Computing Sector Operational Level Agreement

CS-DOCDB-4612

General
This document is under the Change Management Control Policy.
Description / Operational Level Agreement between the Virtual Server Hosting Service and Fermilab Support Organizations
Purpose / The objective of the OLA is to present a clear, concise and measurable description of the service provider's internal support relationships.
Applicable to / All processes
Supersedes / N/A
Document Owner / Mike Rosier / Owner Org / Computing Sector
Effective Dates / 10/02/2010 / Revision Date / Annually
Version History /
Version / Date / Author(s) / Approved by
(if needed) / Change Summary /
1.1 / 08/01/2010 / Mike Rosier/Jason Morris / Initial Draft
2.0 / 07/26/2012 / Mike Rosier / Jack Schmidt / Customer Updates
Jack Schmidt / Removed Draft watermark. Published
2.1 / Jack Schmidt / Added disclaimer, removed approvals, added report information

Table of Contents

General 1

Version History 1

Approvals 2

1 INTRODUCTION 5

1.1 EXECUTIVE SUMMARY 5

2 SERVICE OVERVIEW 5

2.1 SERVICE DESCRIPTION 5

2.2 SERVICE OFFERINGS 6

2.3 LIFECYCLE MANAGEMENT CONTEXT 7

3 RESPONSIBILITIES 8

3.1 CUSTOMER RESPONSIBILTIES 8

3.2 USER RESPONSIBILTIES 9

3.3 SERVICE PROVIDER RESPONSIBILTIES 11

4 COMPUTER SECURITY CONSIDERATIONS 11

5 SERVICE SUPPORT PROCEDURE 11

5.1 REQUESTING CD SERVICE SUPPORT 11

5.2 STANDARD ON-HOURS SUPPORT 12

5.3 STANDARD OFF-HOURS SUPPORT 12

5.4 SPECIAL SUPPORT COVERAGE 12

5.5 SERVICE BREACH PROCEDURES 12

6 SERVICE TARGET TIMES AND PRIORITIES 13

6.1 RESPONSE TIME 13

6.2 RESOLUTION TIME 13

6.3 INCIDENT AND REQUEST PRIORITIES 13

6.4 CRITICAL INCIDENT HANDLING 13

7 CUSTOMER REQUESTS FOR SERVICE ENHANCEMENT 13

8 SERVICE CHARGING POLICY 14

9 SERVICE MEASURES AND REPORTING 14

APPENDIX A: SUPPORTED HARDWARE AND SOFTWARE 15

APPENDIX B: OLA REVIEW PROCEDURE 15

APPENDIX C: OPERATIONAL LEVEL AGREEMENT (OLA) CROSS-REFERENCE 15

APPENDIX D: UNDERPINNING CONTRACT (UC) CROSS-REFERENCE 15

APPENDIX E: TERMS AND CONDITIONS BY CUSTOMER 15

APPENDIX F: ESCALATION PATH 16

APPENDIX G: ITIL PROCESSES ACROSS SERVICE BOUNDARIES 16

G.1 INCIDENT MANAGEMENT 16

G.2 PROBLEM MANAGEMENT 16

G.3 CHANGE MANAGEMENT 16

G.4 RELEASE MANAGEMENT 16

G.5 CONFIGURATION MANAGEMENT 16

G.6 CAPACITY MANAGMENT 16

G.7 AVAILABILITY MANAGEMENT 16

G.8 SERVICE LEVEL MANAGEMENT 16

G.9 SUPPLIER MANAGEMENT 16

G.10 SERVICE CONTINUITY MANAGEMENT 16

1 INTRODUCTION

1.1  EXECUTIVE SUMMARY

This Operational Level Agreement (“OLA”) for the Virtual Server Hosting Service with

Fermilab Support Organizations documents:

·  The service levels provided for the Virtual Server Hosting Service

·  The responsibilities of the Virtual Server Hosting Service, Fermilab Support Organizations, and system administrators

·  Specific terms and conditions relative to the standard Service Offering.
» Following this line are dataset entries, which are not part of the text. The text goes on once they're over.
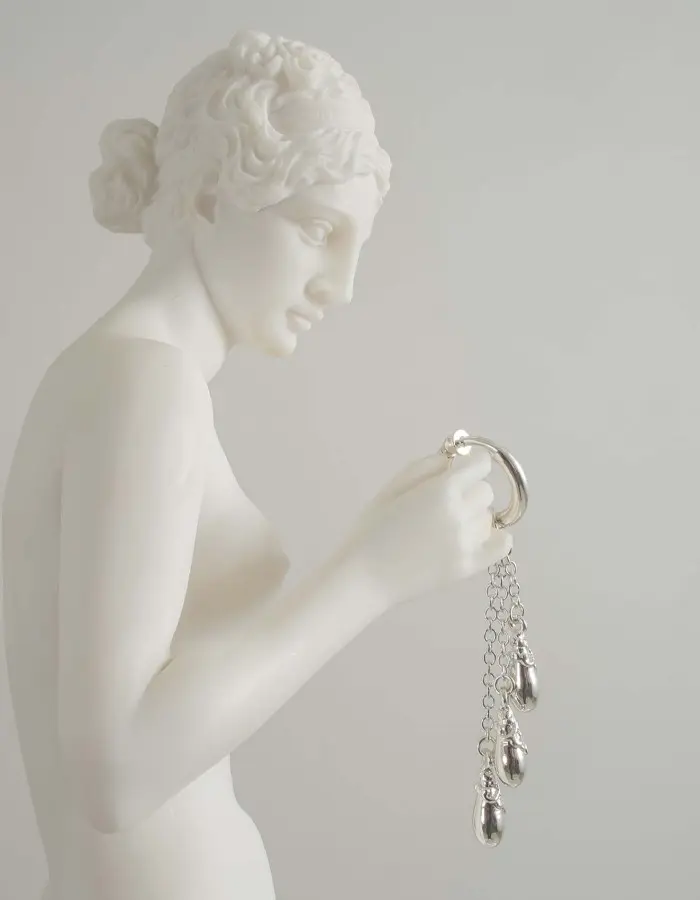 I Miss You - Non-Piercing Labia Rings with Triple Teardrop Pendants in Silver
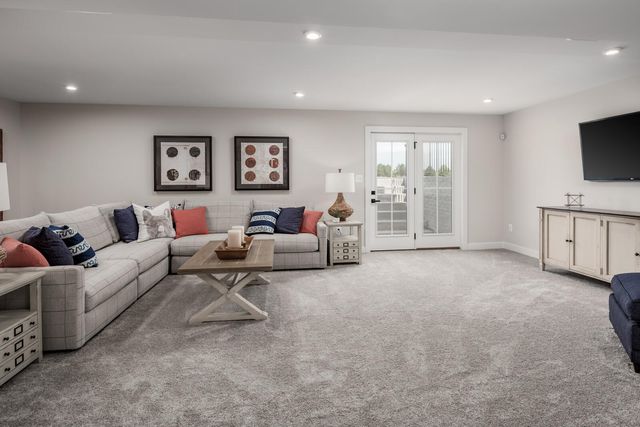 7236 Fairway Rdg CIR, Salem, VA 24153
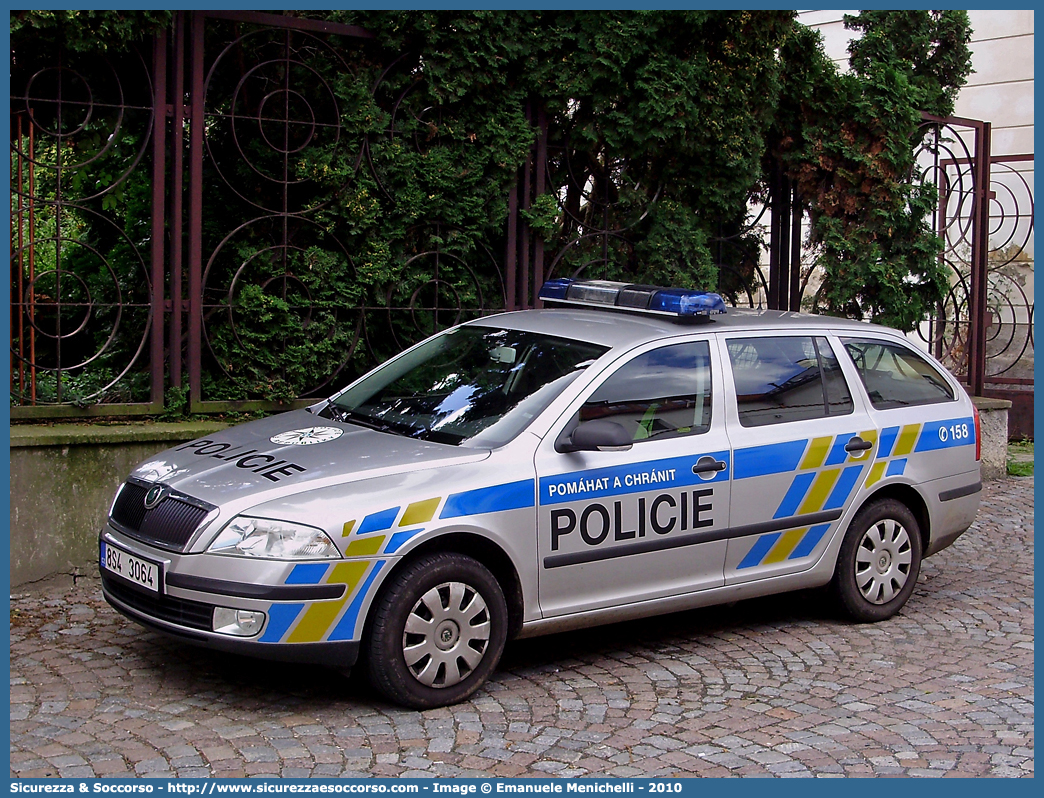 -
Česká Republika
Policie České Republiky
Škoda Octavia Wagon II generation
Parole chiave: Česká;Republika;Policie;České;Republiky;Škoda;Octavia;Wagon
The service levels defined in this agreement are in effect during normal operations, in the case of a continuity situation they may change.

NOTE: For the purposes of this document, Customer refers to the organization which requests and receives the service; User refers to those individuals within the customer organization who access the service on a regular basis.

2  SERVICE OVERVIEW

The Virtual Server Hosting Service provides hosting for virtual machines running Windows, Linux, or Solaris x86. The service is intended for customers wishing to provision new virtual machines, import virtual machines from other environments, and convert physical systems into virtual machines. As with most resources, there is a cost associated

The service provider manages the virtual infrastructure, leaving the administration of the virtual machines running in the environment to system administrators. Currently, virtual machines are only provided to groups where two or more system administrators can be responsible for the management of a machine.

The service requires virtual machine system administrators be connected to the site-network either by coming from a machine onsite or through the site VPN service.

2.1  SERVICE DESCRIPTION

The Virtual Server Hosting Service provides a centrally managed Infrastructure for hosting Virtual Machines hosting a variety of applications and services. Virtual machines are not provisioned to individuals that are not part of a recognized Fermilab Support Organization. In order to manage virtual machines, support organizations need systems that run Microsoft Windows, SLF/Redhat Linux, or MAC operating systems. Note: MAC users cannot launch a virtual machine console directly from the client, at least not with the current version.

Fermilab Support Organizations are provided with access to VMware vCenter, through the vSphere Client (Windows-only) and/or the VMware vCenter Web Client. Authentication using a SERVICES Domain account is required. Information about the health and status of the virtual machines can be found using either client. The following URL refers to the Web Client:

https://cd-vcenter1.fnal.gov:9443/vsphere-client/.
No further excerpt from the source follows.